Experts say there is an art to acquiring a corporate collection that completes a space in a visually interesting way, or has a connection not only to the physical structure of the building and its purpose, but also has meaning to people who work at and use the facility.
When it was time to choose artwork for the new UnityPoint Health-Prairie Parkway Clinic, the focus was on Iowa artists. The works of 13 artists are displayed throughout the new clinic, and with the exception of a piece hanging in the obstetrics waiting area by Brian Frink of Mankato, Minn., all of the artwork was created by Iowans.
Health care is really local, and it’s a community asset. We really wanted the art to reflect the community we serve,” says UnityPoint-Allen CEO Pam Delagaredelle.
We all know art has the ability to heal, inspire and lift spirits, so we wanted to put together an environment that would affect people’s well-being and their quality of life,” she explains.
Dee Vandeventer, who recently retired as chief development officer at Allen Foundation, was asked to oversee the art project for the new facility. She formed a committee with Jan Anderson and artist Tom Stancliffe, both from the Cedar Falls Art Committee, to spearhead acquisition.
The building has so much natural light, three floors and many different areas, so it was a challenge. We set up three tiers based on the number of floors in the building and considered scale, location and the impression a piece would make,” Vandeventer explains.
Also serving on the committee were Darrell Taylor, University of Northern Iowa Gallery of Art director; Chawne Paige, Waterloo Center for the Arts curator; Martin Arthur, Hearst Center for the Arts executive director; and Luke Kroeger and Lori Murphy-Stokes, both of UnityPoint.
The 90,000-square-foot, three-story facility at 5100 Prairie Parkway opened in January. Therapy imaging, urgent care, a laboratory and pharmacy are located on the first floor.
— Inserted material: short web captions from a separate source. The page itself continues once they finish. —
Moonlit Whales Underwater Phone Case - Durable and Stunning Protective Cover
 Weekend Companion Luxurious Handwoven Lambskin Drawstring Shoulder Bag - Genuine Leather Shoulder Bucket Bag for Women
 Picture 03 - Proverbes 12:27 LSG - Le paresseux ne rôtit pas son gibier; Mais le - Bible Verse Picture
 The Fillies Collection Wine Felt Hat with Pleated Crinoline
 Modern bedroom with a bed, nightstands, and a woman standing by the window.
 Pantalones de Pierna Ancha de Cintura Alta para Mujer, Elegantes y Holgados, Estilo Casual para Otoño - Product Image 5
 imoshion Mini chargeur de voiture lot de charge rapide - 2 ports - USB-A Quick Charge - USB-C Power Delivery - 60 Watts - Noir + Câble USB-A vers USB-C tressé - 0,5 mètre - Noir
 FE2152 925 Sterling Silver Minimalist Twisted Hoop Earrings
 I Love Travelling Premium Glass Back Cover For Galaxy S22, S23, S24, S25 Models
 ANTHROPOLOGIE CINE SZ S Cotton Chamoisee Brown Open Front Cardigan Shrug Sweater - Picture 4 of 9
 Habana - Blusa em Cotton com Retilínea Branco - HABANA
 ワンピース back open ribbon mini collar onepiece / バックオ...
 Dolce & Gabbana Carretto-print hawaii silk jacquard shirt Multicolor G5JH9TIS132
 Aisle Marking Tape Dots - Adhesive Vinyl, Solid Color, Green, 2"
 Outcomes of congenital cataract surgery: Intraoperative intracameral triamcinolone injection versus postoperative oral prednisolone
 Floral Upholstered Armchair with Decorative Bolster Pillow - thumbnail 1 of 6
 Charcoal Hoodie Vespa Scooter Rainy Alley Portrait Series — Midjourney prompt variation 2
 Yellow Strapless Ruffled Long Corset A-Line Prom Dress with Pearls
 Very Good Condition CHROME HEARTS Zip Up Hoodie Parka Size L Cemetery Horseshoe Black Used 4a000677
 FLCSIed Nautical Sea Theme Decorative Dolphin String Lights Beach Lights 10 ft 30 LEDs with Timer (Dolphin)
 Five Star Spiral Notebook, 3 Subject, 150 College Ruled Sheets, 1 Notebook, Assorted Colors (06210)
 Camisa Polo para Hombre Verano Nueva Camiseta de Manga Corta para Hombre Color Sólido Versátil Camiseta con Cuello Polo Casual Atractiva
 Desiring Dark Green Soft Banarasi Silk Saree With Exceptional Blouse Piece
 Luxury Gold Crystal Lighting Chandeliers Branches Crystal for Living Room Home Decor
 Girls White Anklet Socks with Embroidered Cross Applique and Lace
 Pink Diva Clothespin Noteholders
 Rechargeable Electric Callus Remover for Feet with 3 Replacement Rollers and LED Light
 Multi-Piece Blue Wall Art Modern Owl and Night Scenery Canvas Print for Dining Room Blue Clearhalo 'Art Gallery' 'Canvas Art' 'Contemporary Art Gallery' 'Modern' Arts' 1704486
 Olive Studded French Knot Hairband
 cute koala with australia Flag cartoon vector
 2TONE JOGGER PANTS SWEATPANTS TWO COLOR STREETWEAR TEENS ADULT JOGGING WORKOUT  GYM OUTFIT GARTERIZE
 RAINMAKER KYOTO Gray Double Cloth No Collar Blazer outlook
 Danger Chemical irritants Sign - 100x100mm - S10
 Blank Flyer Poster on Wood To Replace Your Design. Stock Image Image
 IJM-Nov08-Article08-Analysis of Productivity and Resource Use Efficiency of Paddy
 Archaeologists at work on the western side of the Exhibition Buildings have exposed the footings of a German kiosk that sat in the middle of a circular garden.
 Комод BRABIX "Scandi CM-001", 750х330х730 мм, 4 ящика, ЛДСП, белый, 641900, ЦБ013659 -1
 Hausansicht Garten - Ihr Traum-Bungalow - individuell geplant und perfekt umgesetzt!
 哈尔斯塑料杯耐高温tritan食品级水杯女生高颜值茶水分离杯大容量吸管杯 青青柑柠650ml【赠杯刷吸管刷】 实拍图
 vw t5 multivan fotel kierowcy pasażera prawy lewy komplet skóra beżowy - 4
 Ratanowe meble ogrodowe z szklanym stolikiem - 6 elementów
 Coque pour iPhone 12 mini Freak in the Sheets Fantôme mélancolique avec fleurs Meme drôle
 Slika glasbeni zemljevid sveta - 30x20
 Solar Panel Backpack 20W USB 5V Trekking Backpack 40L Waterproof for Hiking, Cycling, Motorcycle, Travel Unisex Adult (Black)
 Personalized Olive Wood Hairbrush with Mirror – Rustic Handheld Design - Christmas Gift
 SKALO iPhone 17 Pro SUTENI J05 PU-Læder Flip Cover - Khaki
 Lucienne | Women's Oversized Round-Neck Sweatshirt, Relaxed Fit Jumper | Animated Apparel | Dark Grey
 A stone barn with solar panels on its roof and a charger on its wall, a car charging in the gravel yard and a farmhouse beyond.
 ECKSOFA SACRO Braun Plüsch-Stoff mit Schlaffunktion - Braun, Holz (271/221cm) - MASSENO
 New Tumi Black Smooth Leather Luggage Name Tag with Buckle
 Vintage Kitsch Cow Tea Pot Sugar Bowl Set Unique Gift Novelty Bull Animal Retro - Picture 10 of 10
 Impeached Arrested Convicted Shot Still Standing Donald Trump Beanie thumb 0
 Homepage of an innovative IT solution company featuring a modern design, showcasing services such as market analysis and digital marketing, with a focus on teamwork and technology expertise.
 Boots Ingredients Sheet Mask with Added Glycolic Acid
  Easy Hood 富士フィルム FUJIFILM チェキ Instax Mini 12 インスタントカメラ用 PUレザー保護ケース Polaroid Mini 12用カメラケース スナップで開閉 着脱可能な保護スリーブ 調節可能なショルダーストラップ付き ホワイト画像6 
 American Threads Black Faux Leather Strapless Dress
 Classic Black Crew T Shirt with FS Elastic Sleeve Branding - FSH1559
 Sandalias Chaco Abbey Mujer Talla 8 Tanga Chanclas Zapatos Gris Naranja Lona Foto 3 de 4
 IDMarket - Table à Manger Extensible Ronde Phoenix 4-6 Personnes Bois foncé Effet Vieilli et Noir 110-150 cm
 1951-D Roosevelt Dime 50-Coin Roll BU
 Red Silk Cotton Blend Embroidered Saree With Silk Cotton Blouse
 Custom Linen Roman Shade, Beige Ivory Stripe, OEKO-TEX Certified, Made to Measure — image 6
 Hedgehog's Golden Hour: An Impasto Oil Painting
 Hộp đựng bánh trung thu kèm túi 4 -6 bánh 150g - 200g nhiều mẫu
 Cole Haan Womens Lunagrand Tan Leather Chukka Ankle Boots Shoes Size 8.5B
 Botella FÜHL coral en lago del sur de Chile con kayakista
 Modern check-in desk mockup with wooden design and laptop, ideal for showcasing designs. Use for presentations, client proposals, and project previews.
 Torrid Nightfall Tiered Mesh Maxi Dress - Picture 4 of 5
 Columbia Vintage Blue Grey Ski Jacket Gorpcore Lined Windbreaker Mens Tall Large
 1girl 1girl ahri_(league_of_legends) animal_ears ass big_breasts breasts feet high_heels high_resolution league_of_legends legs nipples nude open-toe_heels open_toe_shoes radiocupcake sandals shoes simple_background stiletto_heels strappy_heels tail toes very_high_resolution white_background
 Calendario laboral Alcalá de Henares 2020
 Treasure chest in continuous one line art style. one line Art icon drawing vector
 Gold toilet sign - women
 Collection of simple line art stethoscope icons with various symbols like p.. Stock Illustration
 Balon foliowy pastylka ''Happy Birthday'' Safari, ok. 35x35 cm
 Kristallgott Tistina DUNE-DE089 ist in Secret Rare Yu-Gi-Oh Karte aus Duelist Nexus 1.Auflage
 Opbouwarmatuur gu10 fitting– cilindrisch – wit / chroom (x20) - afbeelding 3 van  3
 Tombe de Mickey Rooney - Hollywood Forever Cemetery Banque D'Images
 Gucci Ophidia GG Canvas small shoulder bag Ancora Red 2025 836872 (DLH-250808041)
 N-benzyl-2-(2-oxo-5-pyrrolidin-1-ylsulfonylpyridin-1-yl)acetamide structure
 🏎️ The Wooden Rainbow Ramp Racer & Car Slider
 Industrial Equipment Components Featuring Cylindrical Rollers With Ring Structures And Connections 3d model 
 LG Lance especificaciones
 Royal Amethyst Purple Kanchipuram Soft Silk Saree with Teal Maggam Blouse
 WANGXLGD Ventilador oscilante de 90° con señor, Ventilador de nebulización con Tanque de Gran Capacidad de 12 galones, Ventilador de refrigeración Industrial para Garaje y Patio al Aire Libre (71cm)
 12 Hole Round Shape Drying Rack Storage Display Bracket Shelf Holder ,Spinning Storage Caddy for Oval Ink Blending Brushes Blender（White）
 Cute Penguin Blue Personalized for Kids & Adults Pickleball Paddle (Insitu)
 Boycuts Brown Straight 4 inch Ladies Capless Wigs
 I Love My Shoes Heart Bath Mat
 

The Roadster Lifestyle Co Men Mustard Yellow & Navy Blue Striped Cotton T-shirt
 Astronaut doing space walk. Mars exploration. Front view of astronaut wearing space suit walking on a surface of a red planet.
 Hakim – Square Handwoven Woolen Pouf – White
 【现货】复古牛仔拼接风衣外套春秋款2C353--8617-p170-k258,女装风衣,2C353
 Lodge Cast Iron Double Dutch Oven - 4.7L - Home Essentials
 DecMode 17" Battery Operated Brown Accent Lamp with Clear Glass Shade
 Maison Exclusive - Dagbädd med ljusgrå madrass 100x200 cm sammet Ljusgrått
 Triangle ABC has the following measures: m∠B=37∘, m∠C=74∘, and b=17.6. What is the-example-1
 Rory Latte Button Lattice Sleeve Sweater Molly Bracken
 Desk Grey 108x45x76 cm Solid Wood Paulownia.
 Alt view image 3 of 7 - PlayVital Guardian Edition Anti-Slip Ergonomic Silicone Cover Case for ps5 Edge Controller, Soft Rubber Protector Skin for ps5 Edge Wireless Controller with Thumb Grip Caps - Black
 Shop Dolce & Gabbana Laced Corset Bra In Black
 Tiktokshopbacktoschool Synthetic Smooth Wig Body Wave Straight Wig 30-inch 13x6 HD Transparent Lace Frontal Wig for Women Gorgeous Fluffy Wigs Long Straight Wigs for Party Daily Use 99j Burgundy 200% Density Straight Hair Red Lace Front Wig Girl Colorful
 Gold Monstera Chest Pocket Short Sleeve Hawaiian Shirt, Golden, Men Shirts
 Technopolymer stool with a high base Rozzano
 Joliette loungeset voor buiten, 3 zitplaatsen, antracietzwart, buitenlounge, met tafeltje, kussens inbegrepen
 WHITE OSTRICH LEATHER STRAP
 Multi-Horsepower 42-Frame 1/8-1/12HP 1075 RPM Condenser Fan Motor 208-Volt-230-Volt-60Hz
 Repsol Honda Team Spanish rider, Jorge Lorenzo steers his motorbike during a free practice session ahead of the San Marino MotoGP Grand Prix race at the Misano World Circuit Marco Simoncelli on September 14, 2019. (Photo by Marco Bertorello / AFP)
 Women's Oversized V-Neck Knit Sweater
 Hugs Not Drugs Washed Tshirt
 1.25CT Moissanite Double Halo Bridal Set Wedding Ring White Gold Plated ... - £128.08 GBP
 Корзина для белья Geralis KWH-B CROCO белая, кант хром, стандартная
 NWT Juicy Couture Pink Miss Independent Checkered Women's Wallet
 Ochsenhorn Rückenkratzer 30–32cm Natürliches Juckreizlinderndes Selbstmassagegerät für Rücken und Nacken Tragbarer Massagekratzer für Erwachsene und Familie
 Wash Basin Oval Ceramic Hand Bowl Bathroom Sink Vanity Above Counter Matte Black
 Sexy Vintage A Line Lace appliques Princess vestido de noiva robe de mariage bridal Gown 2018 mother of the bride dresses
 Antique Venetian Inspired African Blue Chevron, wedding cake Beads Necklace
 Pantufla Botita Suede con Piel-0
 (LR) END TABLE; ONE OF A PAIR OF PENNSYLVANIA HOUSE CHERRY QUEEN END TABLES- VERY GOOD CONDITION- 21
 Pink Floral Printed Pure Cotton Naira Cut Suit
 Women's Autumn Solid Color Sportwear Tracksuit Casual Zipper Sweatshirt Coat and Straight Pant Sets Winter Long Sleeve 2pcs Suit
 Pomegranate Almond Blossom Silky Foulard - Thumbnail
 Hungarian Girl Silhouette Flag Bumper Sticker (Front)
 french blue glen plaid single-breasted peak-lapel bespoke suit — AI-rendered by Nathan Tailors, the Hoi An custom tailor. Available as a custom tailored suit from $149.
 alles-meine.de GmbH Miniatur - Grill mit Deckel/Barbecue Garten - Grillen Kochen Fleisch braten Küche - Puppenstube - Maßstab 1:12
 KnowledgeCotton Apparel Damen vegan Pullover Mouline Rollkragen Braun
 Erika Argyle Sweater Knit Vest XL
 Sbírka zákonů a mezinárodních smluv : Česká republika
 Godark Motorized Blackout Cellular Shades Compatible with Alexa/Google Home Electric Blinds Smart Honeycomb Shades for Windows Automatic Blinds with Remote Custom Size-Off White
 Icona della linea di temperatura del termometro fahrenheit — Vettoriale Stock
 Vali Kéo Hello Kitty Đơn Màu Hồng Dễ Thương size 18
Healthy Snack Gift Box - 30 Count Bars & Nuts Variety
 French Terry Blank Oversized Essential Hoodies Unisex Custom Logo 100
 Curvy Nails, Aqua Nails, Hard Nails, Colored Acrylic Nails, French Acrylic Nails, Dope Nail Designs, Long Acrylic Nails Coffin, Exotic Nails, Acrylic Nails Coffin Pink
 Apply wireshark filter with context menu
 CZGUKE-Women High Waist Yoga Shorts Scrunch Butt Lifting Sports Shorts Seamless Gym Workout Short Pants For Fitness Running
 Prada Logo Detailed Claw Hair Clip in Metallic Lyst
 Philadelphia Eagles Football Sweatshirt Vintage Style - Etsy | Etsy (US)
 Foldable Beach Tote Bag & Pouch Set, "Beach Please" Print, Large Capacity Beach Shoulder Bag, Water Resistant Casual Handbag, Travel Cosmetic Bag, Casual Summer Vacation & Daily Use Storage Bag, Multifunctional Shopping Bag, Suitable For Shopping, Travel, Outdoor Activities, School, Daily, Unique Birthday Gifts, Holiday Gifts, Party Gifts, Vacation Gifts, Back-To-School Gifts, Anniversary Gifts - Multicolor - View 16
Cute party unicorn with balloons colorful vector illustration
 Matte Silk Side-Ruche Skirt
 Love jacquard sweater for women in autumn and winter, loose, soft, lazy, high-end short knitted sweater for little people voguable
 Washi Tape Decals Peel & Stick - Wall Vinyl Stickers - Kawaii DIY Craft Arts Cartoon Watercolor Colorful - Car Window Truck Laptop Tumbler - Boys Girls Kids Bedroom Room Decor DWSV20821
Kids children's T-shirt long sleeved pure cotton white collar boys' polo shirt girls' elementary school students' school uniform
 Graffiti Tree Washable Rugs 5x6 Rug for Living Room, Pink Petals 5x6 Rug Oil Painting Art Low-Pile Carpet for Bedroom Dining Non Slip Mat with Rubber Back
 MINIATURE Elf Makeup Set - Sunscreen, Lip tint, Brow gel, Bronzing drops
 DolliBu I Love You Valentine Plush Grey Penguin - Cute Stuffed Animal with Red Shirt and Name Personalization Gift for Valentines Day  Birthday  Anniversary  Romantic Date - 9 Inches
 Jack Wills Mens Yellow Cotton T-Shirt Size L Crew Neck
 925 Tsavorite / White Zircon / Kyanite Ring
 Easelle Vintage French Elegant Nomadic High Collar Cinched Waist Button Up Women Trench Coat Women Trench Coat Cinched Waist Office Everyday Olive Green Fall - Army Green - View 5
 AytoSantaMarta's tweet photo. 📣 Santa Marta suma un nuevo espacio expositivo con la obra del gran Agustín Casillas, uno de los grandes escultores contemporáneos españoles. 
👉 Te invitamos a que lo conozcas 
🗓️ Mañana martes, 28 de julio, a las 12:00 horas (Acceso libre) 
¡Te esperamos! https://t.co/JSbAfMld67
Obstetrics/gynecology, pediatrics and multi-specialities are on the second floor, and family medicine is housed on the third floor.
The central three-story stairway is a focal point, and the perfect location for a large contemporary installation like Susan Chrysler White’s piece that extends upward to the third floor.
The Bird’s Fire-Fangled Feathers,” the piece by White, a painting professor at the University of Iowa in Iowa City, incorporates various shapes and transparent colors of Plexiglass in a contemporary shape that blossoms into a 3-dimension effect at its zenith.
On the first floor, patients will find colorful artwork by Dallas Guffey in Urgent Care. “Rhythm,” a wood sculpture by John Schwarzkoff, ties into the facility prairie theme and is displayed outside the imaging department, while Tom Stancliffe’s etched and burnished steel sculpture, “Portico,” hangs near the café.
In an intimate first-floor lounge with a fireplace, Thomas C. Jackson’s “Prairie Grass” sets a tranquil mood, while his “Hanging Out at the Fair” provides a colorful bit of fun in the second-floor pediatrics waiting area.
Chawne Paige’s abstract and layered black, white and gray series, Dennis Peterka’s serene “Near the High Plains” and Kara Schlabaugh’s “Harvest Rows” paintings are displayed on the second floor. Deborah Ziotsky’s paintings hang in the OB waiting room, as does Brian Frink’s “Globe #6.”
On the third floor, a printed wood piece by Midwest Pressed, “Puppies vs. Kittens,” charms patients waiting on the south side of family medicine, and a series of four abstract Crit Streed drawings is displayed in the north wing. Barbara Fedeler’s pencil and charcoal landscape studies, “Near Volga” and “Near Littleport” are displayed in the third-floor hallway.